Something important to keep in mind and that we learned during our visit, is before any of the bulkheads can be installed, they first have to be cut, finished and assembled. This is all done on site with the help of some pretty impressive equipment such as the computerized, programmable table saw and automated varnish application machine. In addition, all the equipment to be installed, and I mean everything, has to be properly labeled and on site so the production stays on schedule.

The production line itself is always a beehive of activity with plenty of workers coming and going, installing this and that along the way. Once the installations are complete, the only thing left to do is to drop on the deck. “Wait a minute, where does the deck come from,” asks my 8-year-old son Graham?

Graham Fenn stands along side the computerized table saw that cuts all the interior wood with tremendous precision.
Graham Fenn stands along side the computerized table saw that cuts all the interior wood with tremendous precision.

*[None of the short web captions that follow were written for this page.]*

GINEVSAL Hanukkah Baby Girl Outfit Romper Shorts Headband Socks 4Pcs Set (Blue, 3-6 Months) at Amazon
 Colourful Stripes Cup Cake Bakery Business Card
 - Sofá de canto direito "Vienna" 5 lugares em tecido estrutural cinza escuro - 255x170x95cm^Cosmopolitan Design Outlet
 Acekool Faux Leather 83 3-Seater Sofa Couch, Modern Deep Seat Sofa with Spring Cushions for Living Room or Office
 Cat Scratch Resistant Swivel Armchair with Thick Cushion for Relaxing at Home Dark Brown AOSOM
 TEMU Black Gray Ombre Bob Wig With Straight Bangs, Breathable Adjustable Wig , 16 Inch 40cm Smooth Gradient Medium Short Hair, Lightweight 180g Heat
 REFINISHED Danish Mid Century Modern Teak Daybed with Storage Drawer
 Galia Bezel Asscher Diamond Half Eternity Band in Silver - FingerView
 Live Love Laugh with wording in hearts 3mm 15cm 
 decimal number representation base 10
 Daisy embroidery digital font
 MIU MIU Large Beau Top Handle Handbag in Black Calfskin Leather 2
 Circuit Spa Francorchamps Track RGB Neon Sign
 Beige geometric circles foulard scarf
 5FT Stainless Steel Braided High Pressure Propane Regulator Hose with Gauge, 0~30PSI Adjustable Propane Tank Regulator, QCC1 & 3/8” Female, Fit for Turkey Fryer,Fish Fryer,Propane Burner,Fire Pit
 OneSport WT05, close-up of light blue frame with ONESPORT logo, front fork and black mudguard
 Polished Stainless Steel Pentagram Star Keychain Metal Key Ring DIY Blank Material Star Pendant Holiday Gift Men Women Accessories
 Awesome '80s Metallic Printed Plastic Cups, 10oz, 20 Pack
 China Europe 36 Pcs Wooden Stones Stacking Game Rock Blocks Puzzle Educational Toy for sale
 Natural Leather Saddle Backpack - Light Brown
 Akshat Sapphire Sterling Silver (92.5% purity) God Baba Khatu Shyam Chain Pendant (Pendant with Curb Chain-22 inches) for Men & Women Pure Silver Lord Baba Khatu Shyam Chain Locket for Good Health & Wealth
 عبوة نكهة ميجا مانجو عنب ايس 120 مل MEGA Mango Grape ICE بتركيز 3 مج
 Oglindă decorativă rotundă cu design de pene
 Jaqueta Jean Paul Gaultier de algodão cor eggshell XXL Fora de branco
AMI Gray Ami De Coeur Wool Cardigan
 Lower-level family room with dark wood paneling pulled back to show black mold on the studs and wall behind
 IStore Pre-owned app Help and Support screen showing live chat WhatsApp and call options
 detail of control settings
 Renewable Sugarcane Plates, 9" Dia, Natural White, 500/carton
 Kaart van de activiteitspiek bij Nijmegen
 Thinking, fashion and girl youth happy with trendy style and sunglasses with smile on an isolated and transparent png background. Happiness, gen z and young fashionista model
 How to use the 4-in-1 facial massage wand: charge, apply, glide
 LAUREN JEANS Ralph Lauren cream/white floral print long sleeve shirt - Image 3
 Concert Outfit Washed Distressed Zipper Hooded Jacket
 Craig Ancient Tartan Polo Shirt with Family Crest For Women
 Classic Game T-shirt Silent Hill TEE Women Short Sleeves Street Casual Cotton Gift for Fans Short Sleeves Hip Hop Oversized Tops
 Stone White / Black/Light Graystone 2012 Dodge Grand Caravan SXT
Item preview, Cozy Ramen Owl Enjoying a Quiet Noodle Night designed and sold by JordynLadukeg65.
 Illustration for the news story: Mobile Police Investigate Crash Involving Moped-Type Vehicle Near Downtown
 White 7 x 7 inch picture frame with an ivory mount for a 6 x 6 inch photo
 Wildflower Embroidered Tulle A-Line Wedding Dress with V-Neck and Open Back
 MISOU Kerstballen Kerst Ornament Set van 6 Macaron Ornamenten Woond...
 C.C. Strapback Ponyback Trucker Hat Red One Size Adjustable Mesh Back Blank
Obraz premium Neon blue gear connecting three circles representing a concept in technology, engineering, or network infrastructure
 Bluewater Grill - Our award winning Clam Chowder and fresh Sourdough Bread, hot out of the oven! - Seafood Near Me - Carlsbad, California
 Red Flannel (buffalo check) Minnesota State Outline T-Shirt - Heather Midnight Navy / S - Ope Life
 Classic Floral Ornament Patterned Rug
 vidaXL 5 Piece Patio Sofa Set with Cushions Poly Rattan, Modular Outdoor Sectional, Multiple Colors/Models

OK, so while some people are moulding the hull, and other people are cutting and finishing the wood, and others are installing equipment, there are still others constructing the deck. The deck, like the hull is a moulded piece. But, unlike the hull which utilizes a system of “open moulding” the deck takes advantage of a more modern system of “closed moulding.” In a nutshell, the big difference between the two systems is that where open moulding uses just one mould and the resin applied for the most part by hand, closed moulding utilizes a two-part mould and a system know as resin injection where the resin or glue is injected into the mould at great pressure. Once the resin has cured or hardened, the mould is taken apart and what you have is a perfect moulded deck.

Once the deck is on, the boat is pretty close to being ready to go. Before it does that however, it first has to take a swim in the pool to make sure all the systems run correctly. It’s also here that we check for deck leaks by spraying the boat with water for several hours. The last step is to make sure the boat is clean and shines like new so there is a whole team who takes care of detailing the boat from stem to stern before the boat rolls.

One of the truly great perks that has come from working for Jeanneau for the past 17 years, has been exposing my young family to the exciting world of boats, boating, boat shows, cruising and sailing in general. We have sailed through the tropical islands of the Caribbean, cruised through the San Juan and Canadian Gulf Islands. sailed off the New England Coast, cruised through Key West and across Tampa Bay, and explored the unspoiled Apostle Islands on Lake Superior. We are lucky for sure. And now, thanks to the hardworking people in Marion, we also have a new appreciation of how these beautiful boats come together and all the care that goes into building them. To everyone at BGM, thanks for all you do!

On we go…

Underway on the Chesapeake Bay aboard the Jeanneau 41DS
The Fenn family underway on the Chesapeake Bay aboard the Marion built, Jeanneau 41DS.